Olivia Dean secara strategis menawarkan sesuatu yang berbeda. Dalam lagu “Man I Need”, Dean fokus pada pesan self-love, menuangkan ekspektasinya soal pria idaman dengan tenang dan santai. Menurut Helen Brown dari The Independent, lewat “Man I Need”, Dean berhasil menciptakan lagu yang menyejukkan. Ia tak fokus pada penyesalan atas hubungan yang kandas apalagi menyalahkan orang lain. Liriknya hanya berisi harapan dan keinginannya yang sederhana dan gak muluk-muluk.
Pada intinya, lagu-lagu dalam album barunya, The Art of Loving punya nuansa serupa “Man I Need”. Coba dengar “Nice To Each Other” dan “So Easy (To Fall In Love)”. Keduanya merupakan keyakinan dan saran personalnya dalam membangun hubungan asmara, yakni dengan tak terburu-buru dan tanpa ekspektasi berlebihan, membiarkannya mengalir.
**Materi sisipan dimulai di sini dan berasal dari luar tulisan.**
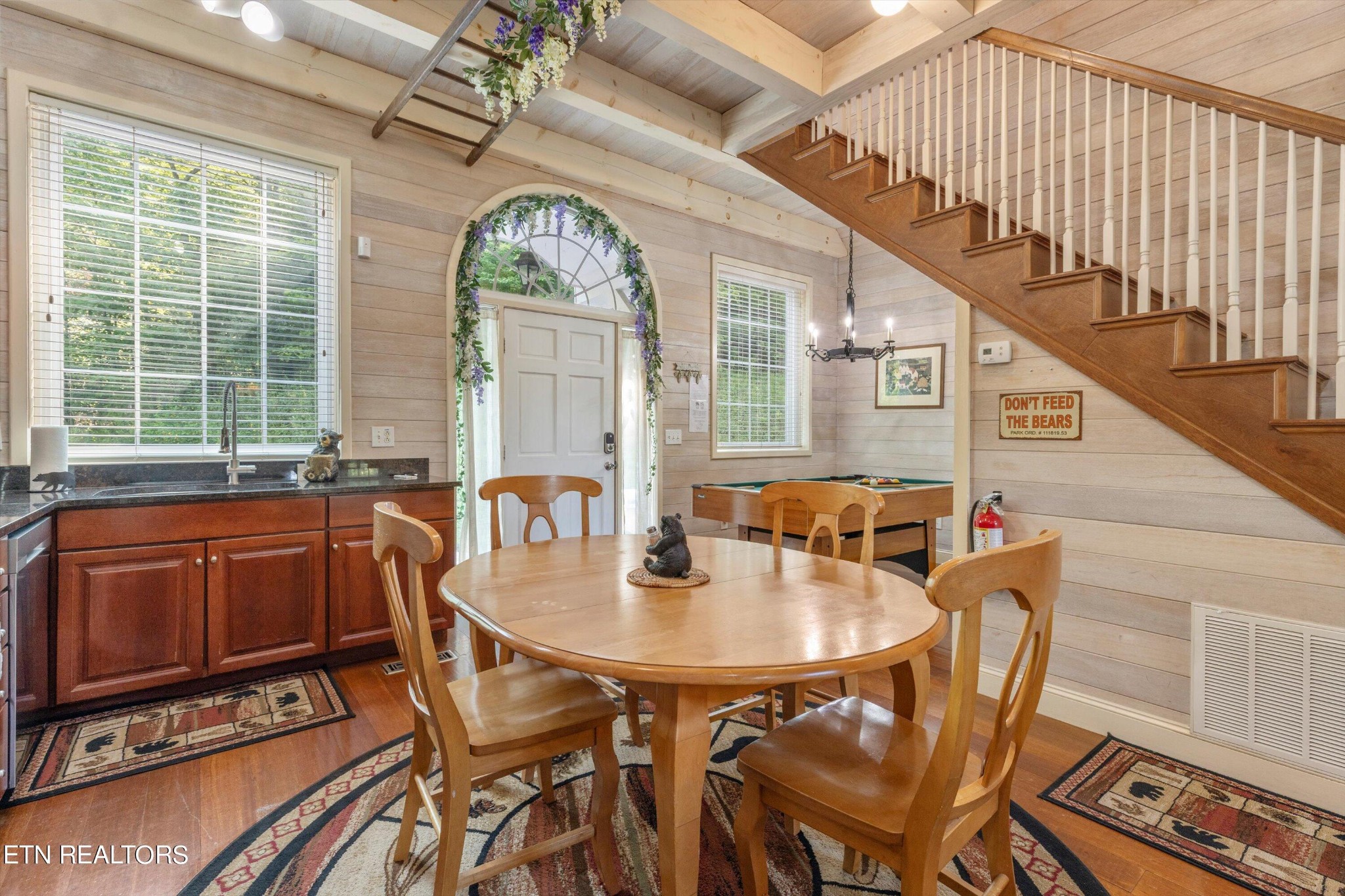 3638 Locust Ridge Road Sevierville, TN 37876 - Photo 15 of 50 a dining room with furniture window and wooden floor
Ini sebuah pendekatan filosofis yang mulai ditinggalkan dalam lagu-lagu cinta modern (cenderung terus terang dan tergesa-gesa).
2. Vokal kuat dan taktik genre bending

Bintang pop bisa dibagi jadi beberapa kategori tergantung pada kekuatan personal mereka. Ada yang kuat di vokal seperti Adele dan Dua Lipa, memikat di atas panggung seperti Tate McRae, kuat di lirik seperti Taylor Swift, Olivia Rodrigo, dan Sabrina Carpenter, atau bisa juga kuat kombinasi vokal dan performance sekaligus seperti Beyonce dan Lady Gaga. Dean bisa masuk kategori vokalis seperti Adele. Ia dicintai banyak orang karena warna vokalnya yang unik dan kuat, bahkan sering disandingkan dengan Amy Winehouse.
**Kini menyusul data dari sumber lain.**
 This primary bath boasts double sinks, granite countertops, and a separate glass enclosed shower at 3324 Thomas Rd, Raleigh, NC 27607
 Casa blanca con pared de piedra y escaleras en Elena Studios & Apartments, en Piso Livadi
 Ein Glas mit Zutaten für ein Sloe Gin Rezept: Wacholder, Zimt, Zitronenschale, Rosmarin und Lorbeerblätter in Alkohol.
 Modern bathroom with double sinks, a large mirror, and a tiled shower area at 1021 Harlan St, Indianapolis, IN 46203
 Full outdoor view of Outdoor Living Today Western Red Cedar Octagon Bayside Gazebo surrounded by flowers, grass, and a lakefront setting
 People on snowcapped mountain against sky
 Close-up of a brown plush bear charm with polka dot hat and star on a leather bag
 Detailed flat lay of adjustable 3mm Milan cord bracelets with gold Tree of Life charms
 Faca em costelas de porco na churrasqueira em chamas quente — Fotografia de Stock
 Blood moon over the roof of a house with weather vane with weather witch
Selain modal awal yang susah dibantah itu, faktor sukses lain yang patut diapresiasi dari Dean adalah kemampuannya melakukan praktik genre-bending. Seperti Laufey, ia berhasil mengawinkan genre populer macam pop dan R&B dengan genre yang cukup niche peminatnya: soul dan jazz. Ia bahkan bisa berkolaborasi secara natural dalam lagu heartland rock-nya Sam Fender berjudul "Rein Me In". Versatilitas ini membuat dirinya bisa dapat audiens dari berbagai kalangan. Jika bisa terus memproduksi lagu-lagu brilian seperti yang ia lakukan dalam album The Art of Loving, Dean bisa jadi salah satu diva terbesar dekade 2020-an.
3. Dekade 2020-an masih akan jadi eranya penulis lagu
Meroketnya karier Olivia Dean memperkuat argumen kalau musisi-musisi terbaik adalah yang mampu menulis lagu sendiri. Dahulu, banyak penyanyi pop mainstream yang menyanyikan lagu-lagu pemberian label. Sejak 2010-an, semua berubah. Menulis lagu jadi salah satu kekuatan yang gak bisa lepas dari seorang penyanyi. Tengok saja kasusnya Adele, Lewis Capaldi, Sam Fender dan Olivia Rodrigo. Lagu breakout mereka adalah buah karya mereka sendiri, bukan lagi pemberian label.
Bahkan Addison Rae memperbaiki kesalahan dari pengalaman debutnya dengan terlibat langsung dalam penulisan lagu di album terbarunya, Addison (2025), dan terbukti sukses. Sejalan dengan beberapa kasus di atas, Olivia Dean juga terbantu oleh bakat menulis lagunya sejak belia. Ini lagi-lagi modal yang gak bisa dimungkiri jadi faktor sukses si penyanyi Inggris campuran Jamaika-Guyana itu.
Melihat potensi dan riwayatnya membangun karier sejak 2019, harusnya Dean bukan tergolong penyanyi one hit wonder. Tentunya, kita berharap ia bakal terus berkarya dan mewarnai dunia dengan musik uplifting-nya.